The open-list system, as opposed to the closed-list system, allows voters either to select from numbers of candidates prepared on a party-by-party basis or to vote for parties of their choice. One problem, as many voters must have found, is that it is a bother to pinpoint the name of a favored candidate -- if there is one -- on a lengthy list printed in small type. In the last election, a total of 204 candidates ran in the PR constituency.
Still, it was a bother worth taking for those who had particular candidates in mind -- and for those who did not vote for parties, that was the only alternative unless they decided to abstain. The statistics show a majority of voters chose parties, suggesting that they had no personal preferences for or no reasonable knowledge of individual candidates.
For example, of 21 million votes garnered by the Liberal Democratic Party in the PR division, including those cast for its candidates, 15 million carried the party name. The Democratic Party of Japan, the largest opposition group, collected 9 million votes, of which 6 million were cast for the party itself.
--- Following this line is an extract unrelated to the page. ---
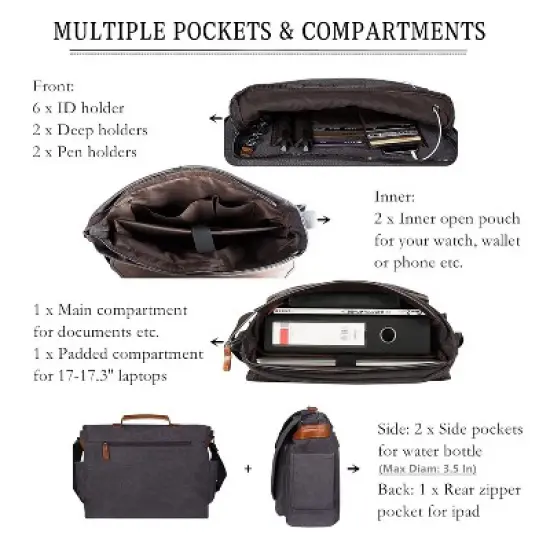 Messenger Bag 17Inch Laptop Bag Water-resistant Canvas Computer Shoulder Bag Briefcase image {3}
There is much room for improvement in the way the rosters are displayed at polling booths. But resolving such technical problems is the easy part. The hard part is attacking problems in the open-list system. The basic problem is that it makes it difficult to accurately reflect the will of the electorate.
The system is the product of political compromise, particularly of partisan maneuvering in an LDP that was roiled by a campaign scandal last summer. The scandal, which led to the resignation of a Cabinet minister, was blamed on the closed-list system, which allowed parties to decide the rankings of candidates in advance. It was alleged that the minister had won a seat in the Upper House by buying a top spot on the list.
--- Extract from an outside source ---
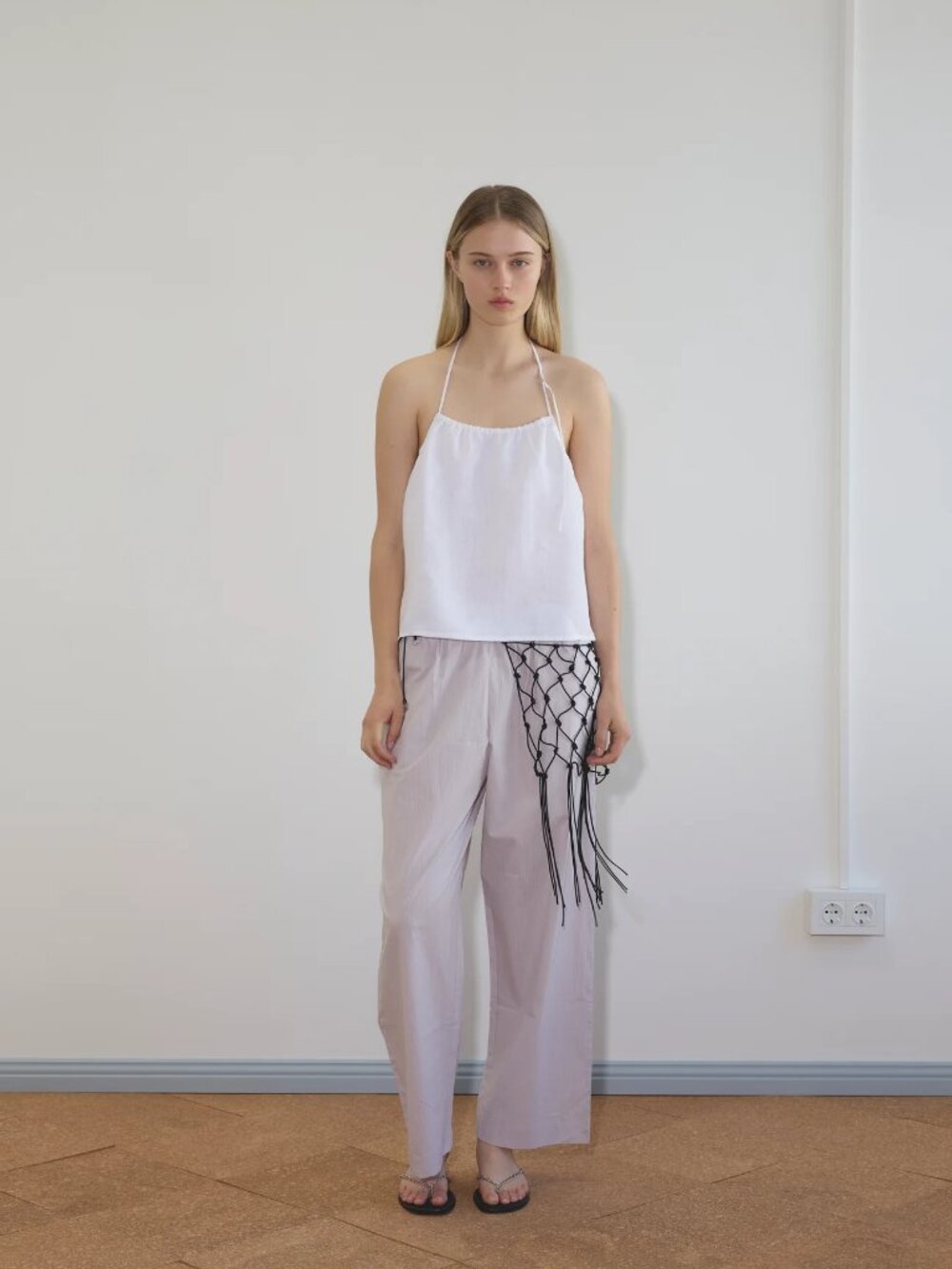 NWT DEIJI STUDIOS EASE TROUSER — LILAC STRIPE — SIZE M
Pressures to introduce the open-list formula increased as the plummeting popularity of former Prime Minister Yoshiro Mori raised concerns that the LDP might lose the next Upper House election. That system was expected to produce large numbers of organized voters for the governing party. With the election around the corner, the LDP pushed an electoral reform bill through the Diet.
Following Prime Minister Junichiro Koizumi's debut, public support for the LDP increased dramatically. But the party did not change its policy of limiting the number of PR candidates. It continued to give top priority to those backed by industry associates, such as former government bureaucrats. Celebrity candidates, such as TV personalities, would play second fiddle to old-time candidates. The large number of votes cast for the party, thanks largely to Koizumi's extraordinary popularity, was distributed mainly among the old-timers.
For the LDP, the election was also a factional contest in which many candidates were supported by industry groups with close ties to intraparty factions. The paradox is that many "special-interest candidates" were elected despite the fact that they were (and still are) opposed not only to Koizumi's structural reforms but also to his calls for breaking up factions. On the other hand, one candidate who left a faction in response to that appeal was reduced to fighting a lonely, losing battle.
The open-list system has demonstrated that it decidedly favors large parties. Mr. Katsuhiro Shirakawa, who ran on the ticket of the new party Freedom and Hope, lost although he won 310,000 votes. By the same token, Mr. Yukio Aoshima, a member of the Ni-in Club and former governor of Tokyo, also failed though he won 280,000.
By contrast, Ms. Haruko Yoshikawa of the Japanese Communist Party was elected with just 26,000 votes -- the smallest number won by a successful candidate. Clearly, something is wrong with the open-list formula. It is based on a proposal made in 1990 by a government council on election systems. The main purpose was to revitalize the Upper House and make it an effective counterweight to the influential Lower House.
That goal now looks more distant than it did back then. Instead of establishing its raison d'etre as the "House of good sense," the House of Councilors has become increasingly vulnerable to the pressures of partisan politics, and more and more of its members have grouped themselves along factional lines. It is high time to start serious efforts to put the House in order. That is one of the most important lessons of the latest election, in which PR candidates were selected under the open-list system for the first time.